Both RepLoss and AggLoss proposes additional penalties to produce more compact bounding boxes and become less sensitive to NMS. And also imposes additional penalties to bbox which appear in the middle of the two pedestrians.
Key ideas
- AggLoss
- If one GT bbox is associated with more than one anchors, encourages the prediction from all these anchors to be the same. It enforces SL1 loss between the avg prediction of the anchors and the corresponding GT. –> There seems to be something wrong in the paper’s formulation.

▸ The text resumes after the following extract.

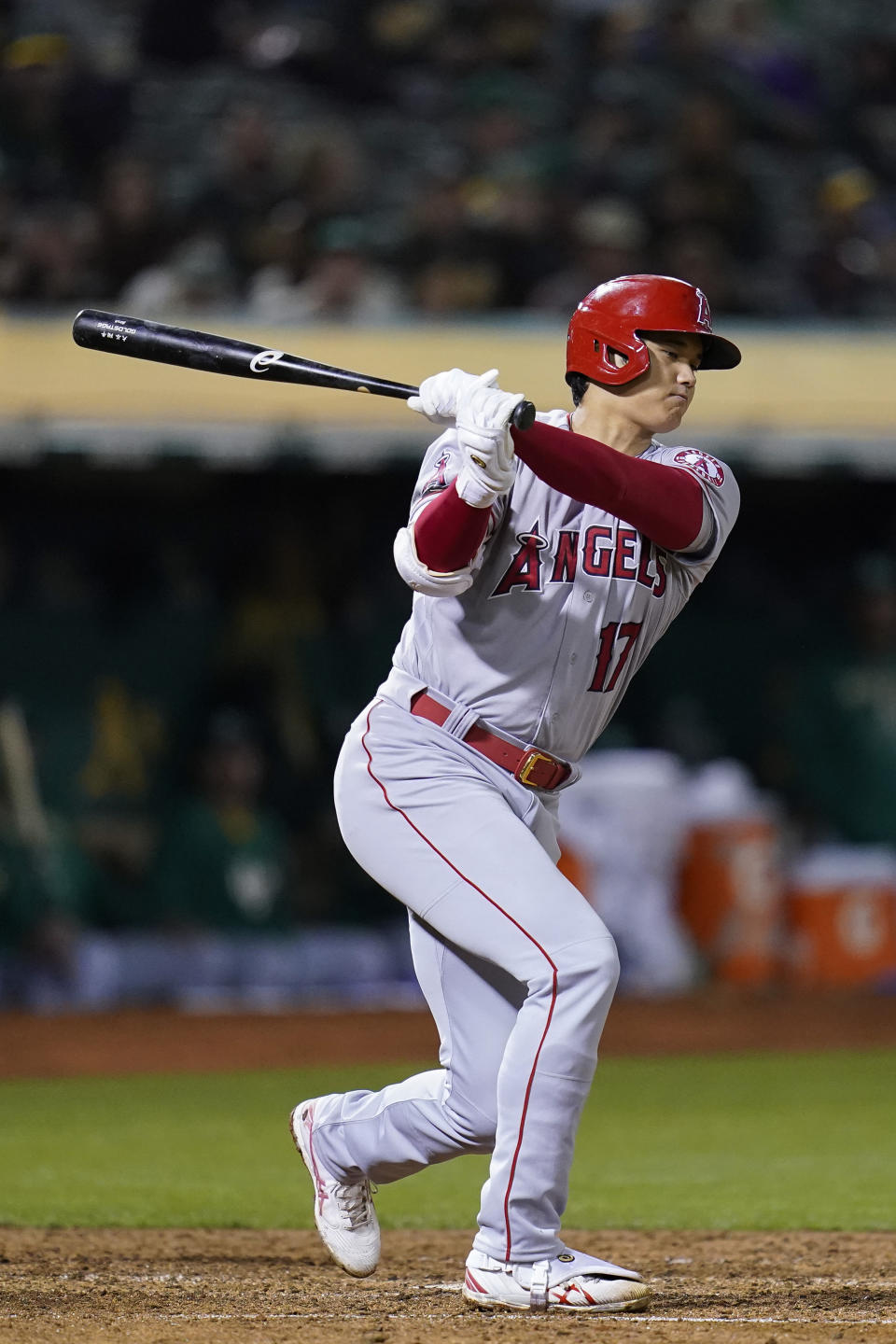 Los Angeles Angels' Shohei Ohtani strikes out against the Oakland Athletics during the eighth inning of a baseball game in Oakland, Calif., Tuesday, Oct. 4, 2022. (AP Photo/Godofredo A. Vásquez)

Shouldn’t this be taking the avg of the abs (~SL1 loss) of the diff, rather than taking abs of the avg diff?
- PORoI (Part occlusion aware RoI pooling)
- A part based model: inductive bias to introduce prior structure information of human body with visible prediction into the network.
- The human body is divided into 5 parts, and each region U is compared with the visible region of bbox (V) to find IoU (intersection over U) to generate a binary visibility score.
- Additional “occlusion” loss is calculated with BCE loss.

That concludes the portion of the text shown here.